*Exercise data*:
────────────────

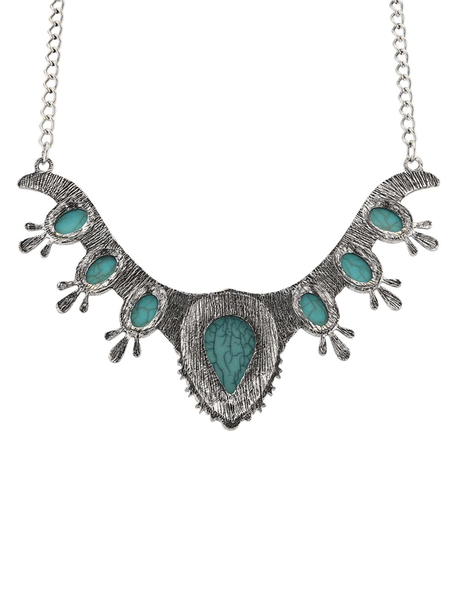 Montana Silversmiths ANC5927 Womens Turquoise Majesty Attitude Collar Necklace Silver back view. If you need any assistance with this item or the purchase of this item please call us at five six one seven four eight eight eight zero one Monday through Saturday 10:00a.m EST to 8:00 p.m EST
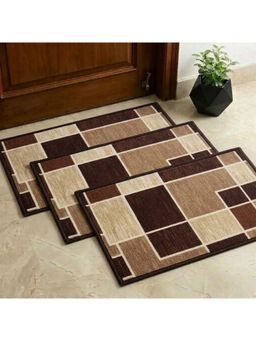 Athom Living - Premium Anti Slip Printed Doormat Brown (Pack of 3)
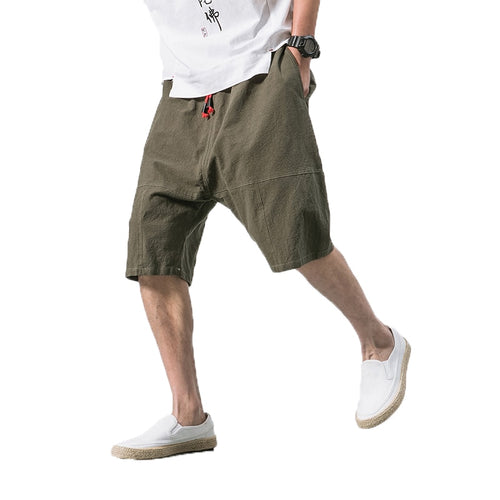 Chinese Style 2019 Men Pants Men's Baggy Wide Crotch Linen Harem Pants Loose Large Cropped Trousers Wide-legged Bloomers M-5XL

────────────────

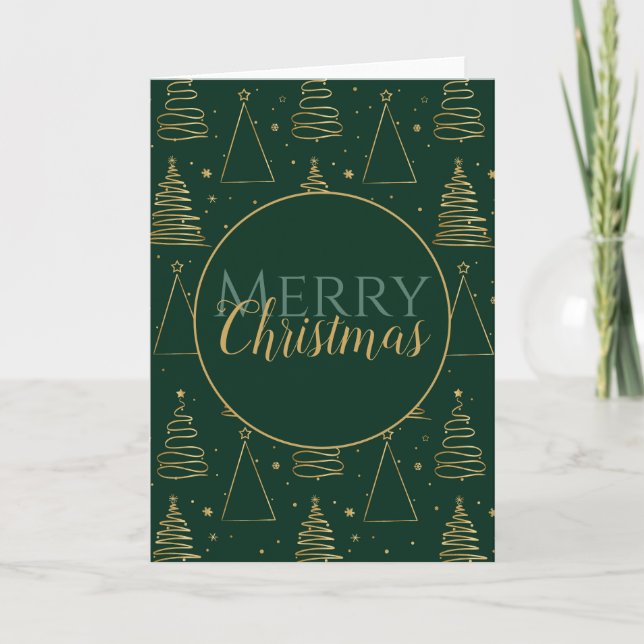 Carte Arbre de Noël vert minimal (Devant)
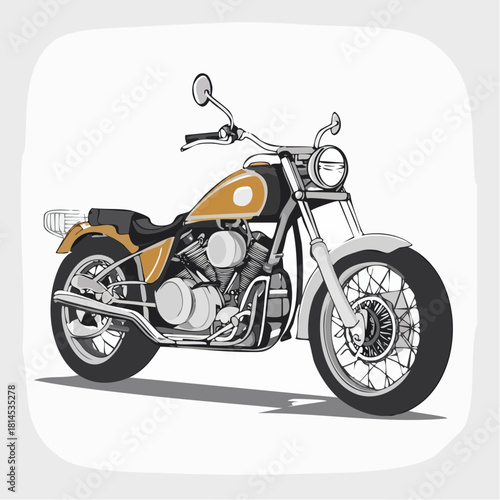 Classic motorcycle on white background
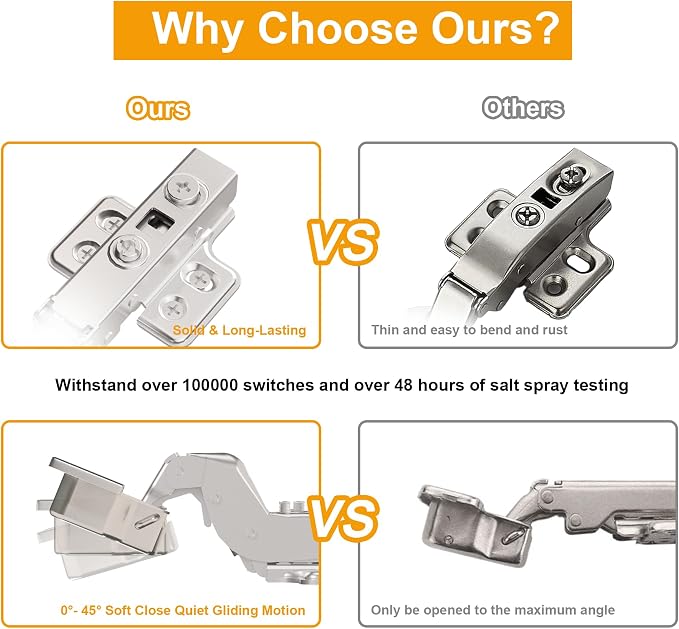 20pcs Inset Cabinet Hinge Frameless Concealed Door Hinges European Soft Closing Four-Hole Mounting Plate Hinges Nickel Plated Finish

────────────────

What you return must match, character for character, the lines above from the one with "Athom Living - Premium" through the one with "Chinese Style 2019", minus any pictures.

 Athom Living - Premium Anti Slip Printed Doormat Brown (Pack of 3)
 Chinese Style 2019 Men Pants Men's Baggy Wide Crotch Linen Harem Pants Loose Large Cropped Trousers Wide-legged Bloomers M-5XL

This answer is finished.